Get both Count and the data through single query to reduce time

  • My task includes:

    1) Getting the count(which is nothing but the total number of records present in the specific SQL table.As they are millions of rows,  it is taking a lot of time to run the count() query). I need to get the count before I write that data from data flow task(source) to the flat file destination tasks, as I need to write the total count of records as well in the flat file.

    2)I tried to use the RowCount task,and tried to save that rowcount and to further use that in the next task.But it doesn't work for me.

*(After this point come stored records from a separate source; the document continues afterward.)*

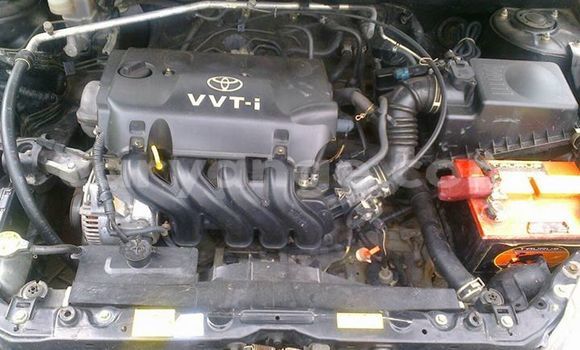 Buy Used Toyota Runx Black Car in Windhoek in Namibia Buy Used Toyota Runx Black Car in Windhoek in Namibia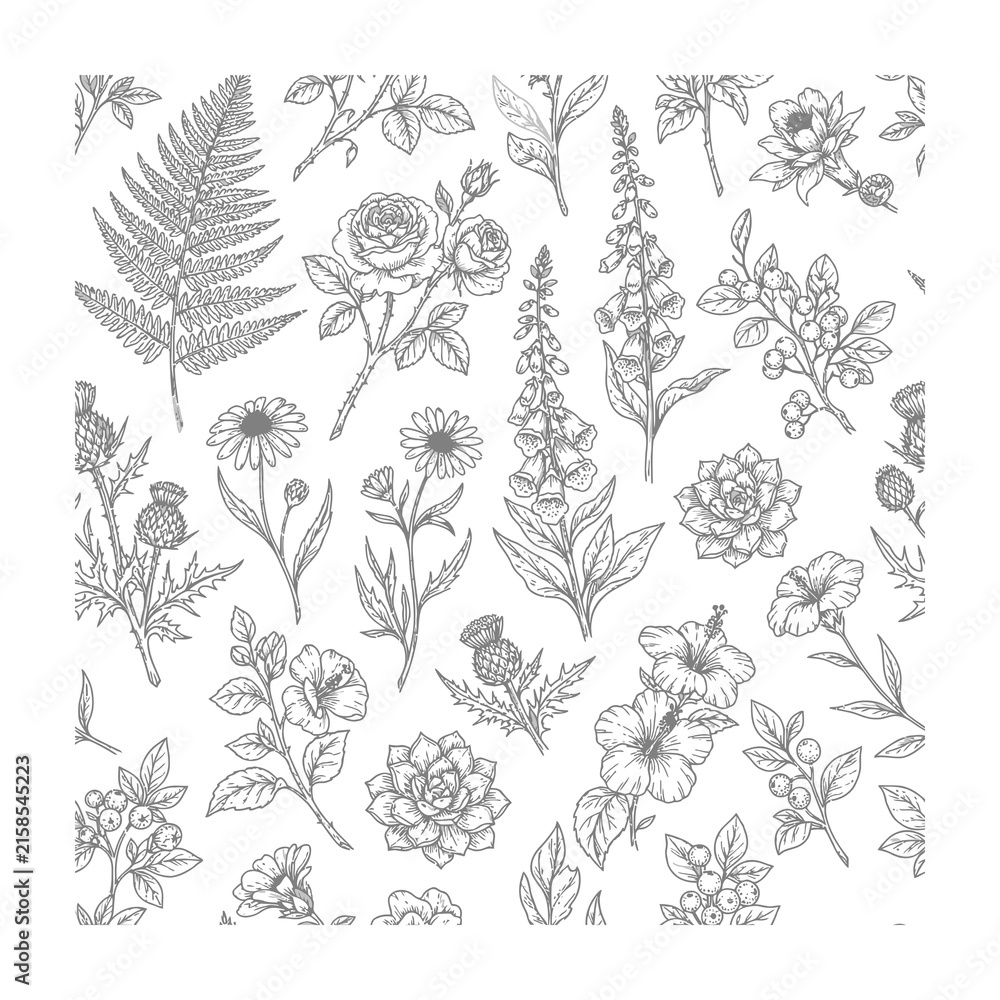 Fototapeta premium Vintage botanical seamless pattern with wildflowers and ferns on white background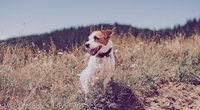 Giftige Pflanzen für Hunde: Davon sollte sich dein Vierbeiner fernhalten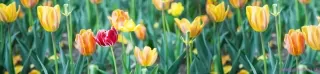 Fototapeta Dimex Tulipány KI260-122 | 260 x 60 cm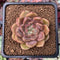 Echeveria 'Herbion' 2" New Hybrid Succulent Plant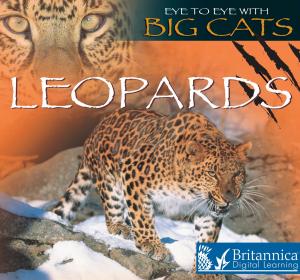 Cover of the book Leopards by Tom Greve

    3) As there are millions of rows in the sql table, it is taking 6 mins(for getting the data) and 6 mins(to get the count() of the records in before step). My manager really asked me to cut down the running time a lot. So, I am trying to run the query once for getting both the count and data(from data flow task to flat file destination).

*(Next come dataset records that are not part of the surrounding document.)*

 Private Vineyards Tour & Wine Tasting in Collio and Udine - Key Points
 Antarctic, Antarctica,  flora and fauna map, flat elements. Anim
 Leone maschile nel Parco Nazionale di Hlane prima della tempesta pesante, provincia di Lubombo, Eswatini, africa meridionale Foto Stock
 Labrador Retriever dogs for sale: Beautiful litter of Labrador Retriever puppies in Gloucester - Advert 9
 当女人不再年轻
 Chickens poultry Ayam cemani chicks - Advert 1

    Can you please advise me on how step 3 works, like getting both at the same time and to reduce the running time for this whole task?

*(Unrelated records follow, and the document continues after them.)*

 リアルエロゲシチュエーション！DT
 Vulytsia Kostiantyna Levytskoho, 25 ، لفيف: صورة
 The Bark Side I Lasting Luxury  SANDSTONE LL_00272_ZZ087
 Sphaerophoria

    I hope someone can help me out on this..

    Thanks in Advance!!

  • Have you tried getting the row count from the sys.partitions view?

    John

  • This is the fast way John Mitchell mentioned:

    SELECT SUM(P.[rows]) AS [RowCount]
    FROM sys.tables AS T
    INNER JOIN sys.partitions AS P
    ON P.[object_id] = T.[object_id]
    AND P.index_id IN (0, 1)
    WHERE T.name = N'myTable'
    AND SCHEMA_NAME(T.schema_id) = 'dbo'

    If you don't mind getting the count after you have run the query to get the rows, just run SELECT @@ROWCOUNT after running the select query.

  • Sorry to say this.

    Actually I am new to working on SQL and creating SSIS Packages. So, can you please explain that to me in a simplified way.

    If the table from which I need to get the data is '[dbo].[VW_TABLE_USERS],then as per your query, I will be giving the following command right:

    SELECT SUM(P.[rows]) AS [RowCount]

    FROM sys.tables AS T

    INNER JOIN sys.partitions AS P

    ON P.[object_id] = T.[object_id]

    AND P.index_id IN (0, 1)

    WHERE T.name = N'VW_TABLE_USERS'

    AND SCHEMA_NAME(T.schema_id) = 'dbo'

    Also can you please tell me the 'Data Access Mode' that I need to select:  'Table or view' OR 'table name or view name variable'?

    Thanks in Advance!!

     

    • This reply was modified 4 years, 8 months ago by  binds.
    Attachments:
    You must be logged in to view attached files.
  • I need to get the count(for header data) first as I need to write the header data(which includes count) first on the destination file and then the data.

  • binds wrote:

    Sorry to say this.

    Actually I am new to working on SQL and creating SSIS Packages. So, can you please explain that to me in a simplified way.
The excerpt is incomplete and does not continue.